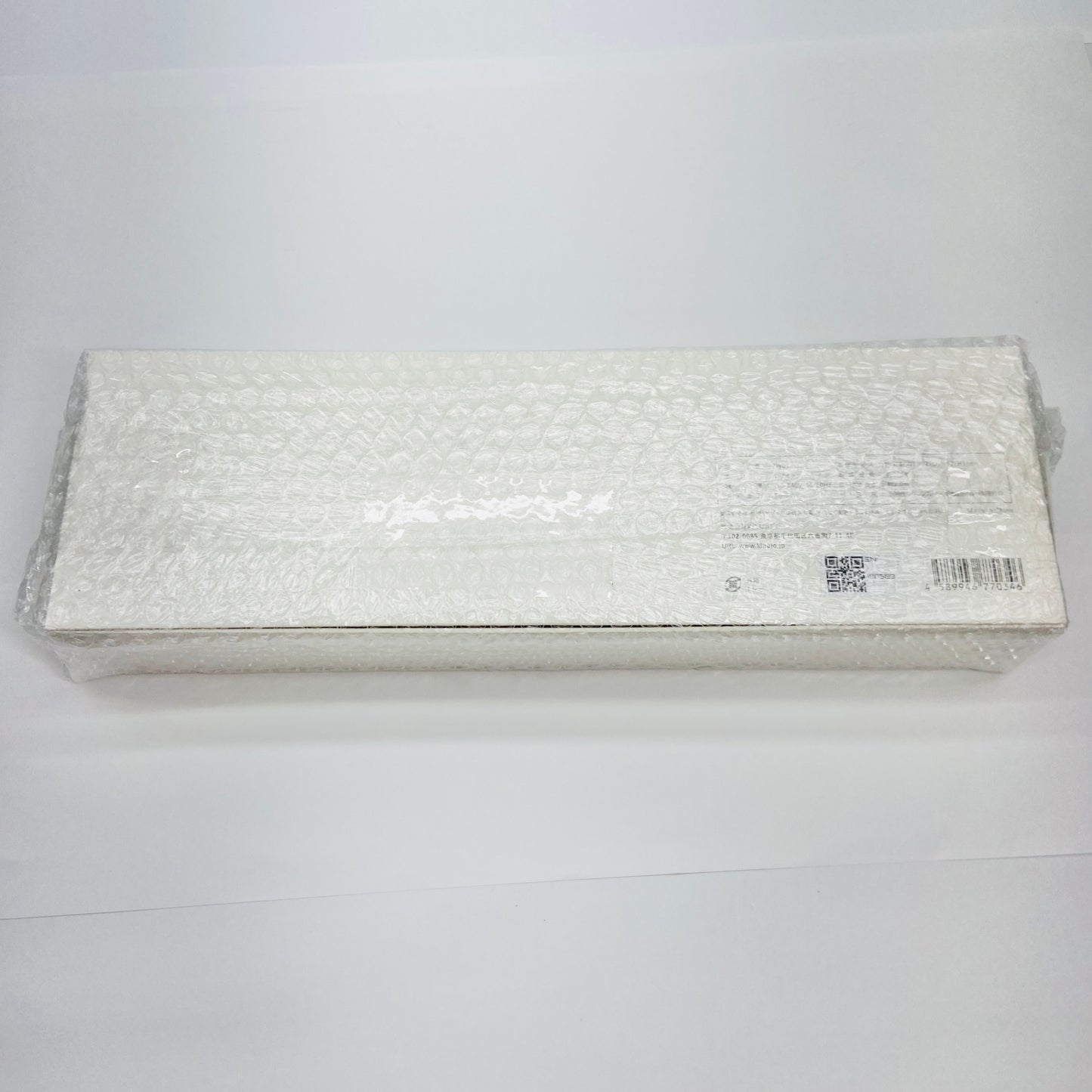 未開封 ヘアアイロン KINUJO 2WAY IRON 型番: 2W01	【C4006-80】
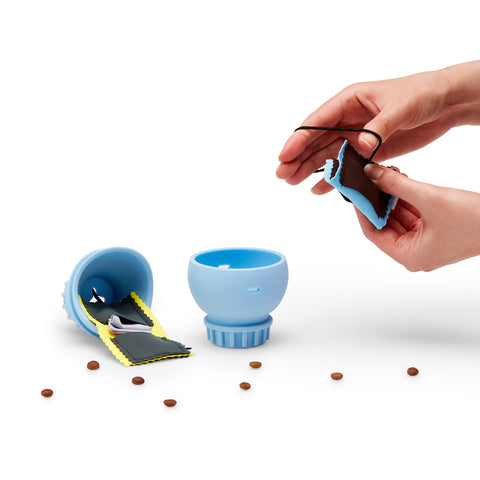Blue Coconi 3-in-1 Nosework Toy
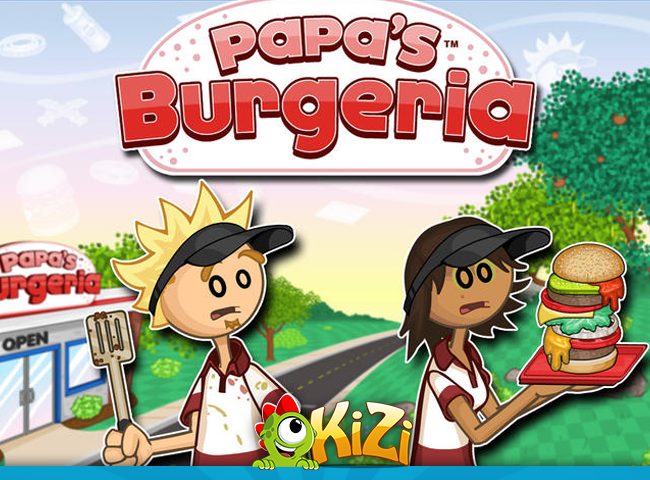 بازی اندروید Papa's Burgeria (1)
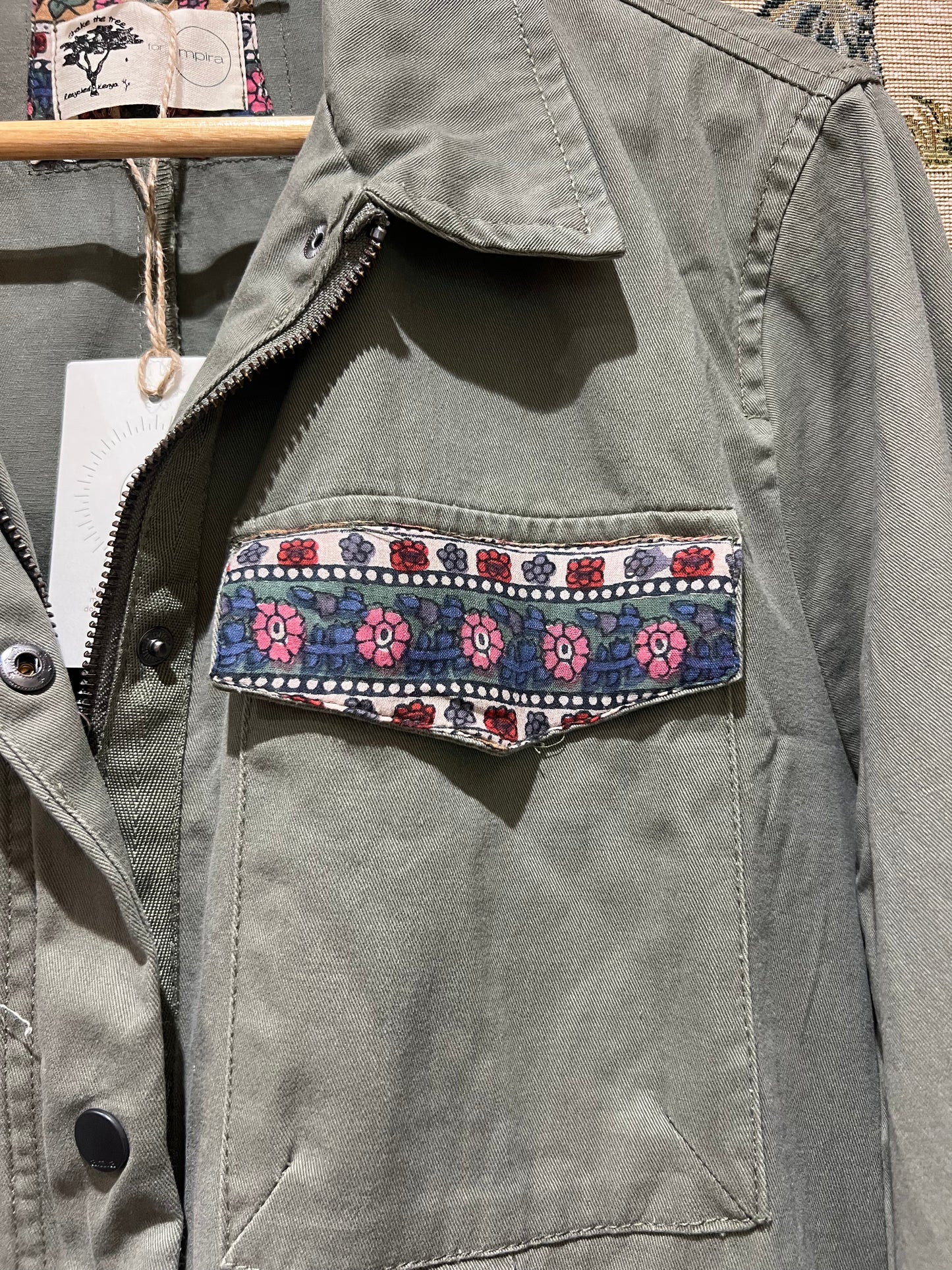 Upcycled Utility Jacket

== Exercise goal ==
In your copy, restate the data above word for word but leave out any picture.

== The completed task ==
 未開封 ヘアアイロン KINUJO 2WAY IRON 型番: 2W01	【C4006-80】
Blue Coconi 3-in-1 Nosework Toy
 بازی اندروید Papa's Burgeria (1)
 Upcycled Utility Jacket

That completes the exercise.